A moi. Dédicace première.
Parce que, j’ai résisté à la tentation de faire le directeur de conscience de mes proches indécis pour récupérer des voix à l’arrachée en invoquant des enjeux de société auxquels nous devrions tous être attachés.
Parce que j’ai refusé de chercher à convaincre – ce qui serait revenu à manipuler dans un laps de temps si court – au nom d’une cause que je crois pourtant plus juste.
 
A Ségolène Royal. Dédicace deuxième.
Parce que je sais, à un tout petit niveau, que pour une femme plus que pour un homme il est presque impossible de rénover et de faire le pari du changement tout en acceptant le principe de responsabilité sans être taxée de dictateur éclairé.
Parce que sans un soutien de « la famille », les chances s’amincissent. Sûrement. Durement. Cruellement.

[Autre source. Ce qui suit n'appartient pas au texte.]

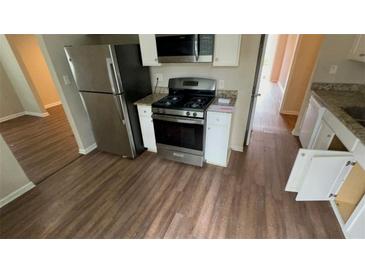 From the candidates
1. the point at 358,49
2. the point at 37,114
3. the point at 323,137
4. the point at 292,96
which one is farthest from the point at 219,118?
the point at 37,114

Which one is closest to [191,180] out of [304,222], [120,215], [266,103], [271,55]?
[120,215]

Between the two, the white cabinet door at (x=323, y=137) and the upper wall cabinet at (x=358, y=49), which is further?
the upper wall cabinet at (x=358, y=49)

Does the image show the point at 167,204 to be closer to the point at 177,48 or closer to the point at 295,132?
the point at 177,48

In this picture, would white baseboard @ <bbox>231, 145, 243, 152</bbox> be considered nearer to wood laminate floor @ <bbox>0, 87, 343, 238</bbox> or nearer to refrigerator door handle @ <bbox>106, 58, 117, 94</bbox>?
wood laminate floor @ <bbox>0, 87, 343, 238</bbox>

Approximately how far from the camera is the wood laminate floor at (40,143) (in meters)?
2.49

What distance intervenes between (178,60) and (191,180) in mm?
1551

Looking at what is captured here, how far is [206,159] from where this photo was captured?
2385 millimetres

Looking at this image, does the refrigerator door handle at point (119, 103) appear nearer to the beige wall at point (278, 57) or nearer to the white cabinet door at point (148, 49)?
the white cabinet door at point (148, 49)

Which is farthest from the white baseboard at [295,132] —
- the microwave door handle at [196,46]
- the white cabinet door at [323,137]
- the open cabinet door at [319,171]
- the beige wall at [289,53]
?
the microwave door handle at [196,46]

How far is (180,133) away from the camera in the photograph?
2.19 m

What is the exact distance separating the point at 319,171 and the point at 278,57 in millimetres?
6290

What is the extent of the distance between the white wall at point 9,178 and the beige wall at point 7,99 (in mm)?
3330

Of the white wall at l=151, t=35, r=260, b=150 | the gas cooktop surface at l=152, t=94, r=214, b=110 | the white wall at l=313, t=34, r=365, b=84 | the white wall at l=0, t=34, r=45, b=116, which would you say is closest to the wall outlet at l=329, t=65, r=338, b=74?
the white wall at l=313, t=34, r=365, b=84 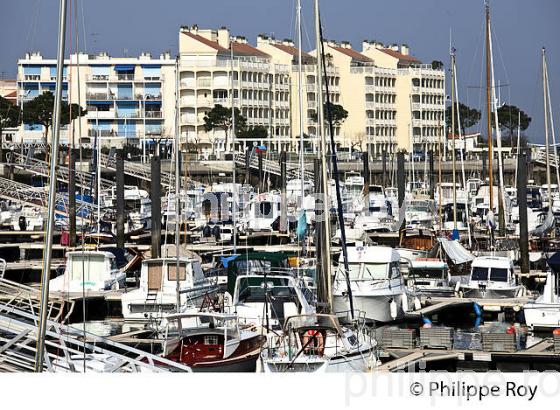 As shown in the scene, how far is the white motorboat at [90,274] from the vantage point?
26.1 m

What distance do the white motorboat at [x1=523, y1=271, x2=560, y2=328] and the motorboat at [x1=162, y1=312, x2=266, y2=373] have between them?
6.37m

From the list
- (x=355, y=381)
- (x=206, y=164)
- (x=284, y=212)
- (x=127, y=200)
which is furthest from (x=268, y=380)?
(x=206, y=164)

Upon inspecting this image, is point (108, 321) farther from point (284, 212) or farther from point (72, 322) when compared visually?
point (284, 212)

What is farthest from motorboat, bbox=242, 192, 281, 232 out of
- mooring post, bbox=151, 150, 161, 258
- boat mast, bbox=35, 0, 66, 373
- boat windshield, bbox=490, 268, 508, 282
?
boat mast, bbox=35, 0, 66, 373

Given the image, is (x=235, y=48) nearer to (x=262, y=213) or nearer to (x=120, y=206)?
(x=262, y=213)

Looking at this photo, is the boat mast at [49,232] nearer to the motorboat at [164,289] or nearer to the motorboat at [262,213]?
the motorboat at [164,289]

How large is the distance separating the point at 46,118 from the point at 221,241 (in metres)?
38.3

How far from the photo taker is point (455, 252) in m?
29.5

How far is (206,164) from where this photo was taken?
73.4m

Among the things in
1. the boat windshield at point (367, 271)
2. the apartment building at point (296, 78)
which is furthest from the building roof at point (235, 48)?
the boat windshield at point (367, 271)

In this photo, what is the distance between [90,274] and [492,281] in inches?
358

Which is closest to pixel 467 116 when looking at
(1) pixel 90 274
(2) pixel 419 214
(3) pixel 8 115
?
(3) pixel 8 115

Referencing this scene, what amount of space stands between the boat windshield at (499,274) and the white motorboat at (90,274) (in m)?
8.53

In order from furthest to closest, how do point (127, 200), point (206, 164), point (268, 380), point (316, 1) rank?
1. point (206, 164)
2. point (127, 200)
3. point (316, 1)
4. point (268, 380) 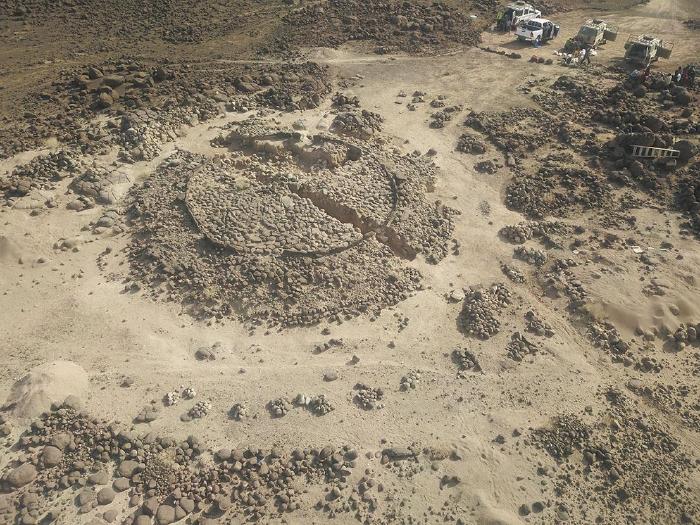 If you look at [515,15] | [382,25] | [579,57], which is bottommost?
[579,57]

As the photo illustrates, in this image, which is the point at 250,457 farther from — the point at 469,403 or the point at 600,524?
the point at 600,524

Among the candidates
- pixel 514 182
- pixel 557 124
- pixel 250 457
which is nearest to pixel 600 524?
pixel 250 457

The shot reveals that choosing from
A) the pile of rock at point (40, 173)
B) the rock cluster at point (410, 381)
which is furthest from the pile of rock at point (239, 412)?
the pile of rock at point (40, 173)

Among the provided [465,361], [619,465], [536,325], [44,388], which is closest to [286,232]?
[465,361]

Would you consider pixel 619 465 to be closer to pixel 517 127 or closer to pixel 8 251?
pixel 517 127

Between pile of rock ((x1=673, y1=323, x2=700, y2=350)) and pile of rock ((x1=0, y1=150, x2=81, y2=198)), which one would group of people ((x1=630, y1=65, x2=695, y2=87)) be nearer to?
pile of rock ((x1=673, y1=323, x2=700, y2=350))

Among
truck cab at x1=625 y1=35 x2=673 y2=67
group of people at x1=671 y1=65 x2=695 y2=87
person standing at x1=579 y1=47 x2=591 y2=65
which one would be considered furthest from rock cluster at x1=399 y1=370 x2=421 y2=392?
truck cab at x1=625 y1=35 x2=673 y2=67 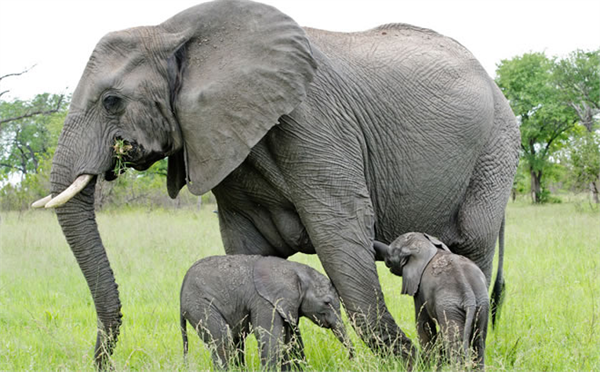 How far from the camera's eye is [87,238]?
4.04 metres

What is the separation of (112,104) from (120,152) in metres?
0.28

Parce qu’il faut accepter qu’on ne peut pas brutaliser pas les gens. Même lorsqu’on pense qu’ils se mettent en danger.
 
 
Communiqué
 
La France a choisi. Nicolas Sarkozy. Massivement. La France a préféré le vieil adage selon lequel c’est dans les vieilles marmites qu’on fait les meilleures soupes. La France a donc plébiscité une politique de père fouettard. La France est globalement persuadée que c’était mieux avant à coup de « moi, quand j’étais petit(e)… ». La France a rompu avec sa tradition d’insoumission. La France a jeté l’éponge. La France s’en est remise un homme pour remettre de l’ordre dans la complexité, tâche folle par essence tant la complexité doit s’appréhender mais résistera toujours à l’ordonnancement. La France a démissionné.
 
La France n’a pas accordé sa confiance. A Ségolène Royal. La France a rejeté le pari de l’audace, incarné par une femme. La France a refusé de s’impliquer. La France ne veut pas se mouiller. La France rêve de participer en théorie. La France est fâchée avec la pratique. La France aime débattre et s’insurger entre amis, entre soi, bien au chaud. Mais la France vient de démontrer son refus de l’apprentissage collectif. Politiquement, la France ne veut pas travailler.
 
 
Epilogue
Espérons que la France, avant de voter, n’a pas oublié de penser.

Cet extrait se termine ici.